[Your task] Extract every line from the records below that contains the word "image".

[Supplied material]
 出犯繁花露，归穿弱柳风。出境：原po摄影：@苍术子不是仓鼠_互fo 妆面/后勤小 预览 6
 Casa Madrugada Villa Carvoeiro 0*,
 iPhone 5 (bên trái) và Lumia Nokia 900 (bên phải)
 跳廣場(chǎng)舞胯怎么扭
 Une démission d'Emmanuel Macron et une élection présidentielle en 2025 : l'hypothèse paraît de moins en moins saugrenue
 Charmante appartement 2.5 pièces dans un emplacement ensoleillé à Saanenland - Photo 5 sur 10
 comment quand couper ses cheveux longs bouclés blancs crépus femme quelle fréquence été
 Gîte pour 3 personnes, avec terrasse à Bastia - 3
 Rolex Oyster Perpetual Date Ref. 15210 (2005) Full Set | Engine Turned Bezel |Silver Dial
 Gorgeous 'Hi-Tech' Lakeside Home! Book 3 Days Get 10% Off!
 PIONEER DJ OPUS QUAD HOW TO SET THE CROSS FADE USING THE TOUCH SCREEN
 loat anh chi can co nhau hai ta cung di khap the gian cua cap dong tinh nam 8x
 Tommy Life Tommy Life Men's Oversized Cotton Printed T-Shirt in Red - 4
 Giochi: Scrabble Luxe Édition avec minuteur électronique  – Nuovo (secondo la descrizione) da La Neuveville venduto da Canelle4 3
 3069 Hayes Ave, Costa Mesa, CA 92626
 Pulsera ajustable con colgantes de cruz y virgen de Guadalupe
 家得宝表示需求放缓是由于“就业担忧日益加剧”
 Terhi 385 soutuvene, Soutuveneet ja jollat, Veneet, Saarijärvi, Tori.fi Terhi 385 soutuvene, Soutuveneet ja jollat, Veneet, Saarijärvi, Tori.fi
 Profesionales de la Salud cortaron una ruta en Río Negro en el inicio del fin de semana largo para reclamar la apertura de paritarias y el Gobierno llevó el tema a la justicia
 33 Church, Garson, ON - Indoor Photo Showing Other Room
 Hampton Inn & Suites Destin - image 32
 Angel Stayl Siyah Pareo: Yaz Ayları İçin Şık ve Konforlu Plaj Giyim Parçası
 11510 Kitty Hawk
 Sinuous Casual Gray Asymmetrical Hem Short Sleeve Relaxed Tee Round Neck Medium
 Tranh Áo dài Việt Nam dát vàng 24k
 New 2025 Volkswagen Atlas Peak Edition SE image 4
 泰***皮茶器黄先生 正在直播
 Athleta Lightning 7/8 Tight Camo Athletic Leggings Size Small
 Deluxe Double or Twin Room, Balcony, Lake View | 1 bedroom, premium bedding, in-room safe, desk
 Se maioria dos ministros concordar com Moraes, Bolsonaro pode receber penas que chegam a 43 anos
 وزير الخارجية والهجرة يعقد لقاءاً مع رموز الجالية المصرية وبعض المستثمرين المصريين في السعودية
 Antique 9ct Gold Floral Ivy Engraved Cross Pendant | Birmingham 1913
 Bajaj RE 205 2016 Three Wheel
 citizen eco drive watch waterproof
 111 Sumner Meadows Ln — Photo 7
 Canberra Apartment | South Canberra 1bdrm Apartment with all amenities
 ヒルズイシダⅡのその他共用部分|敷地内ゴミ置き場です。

[Written answer]
 Hampton Inn & Suites Destin - image 32
 New 2025 Volkswagen Atlas Peak Edition SE image 4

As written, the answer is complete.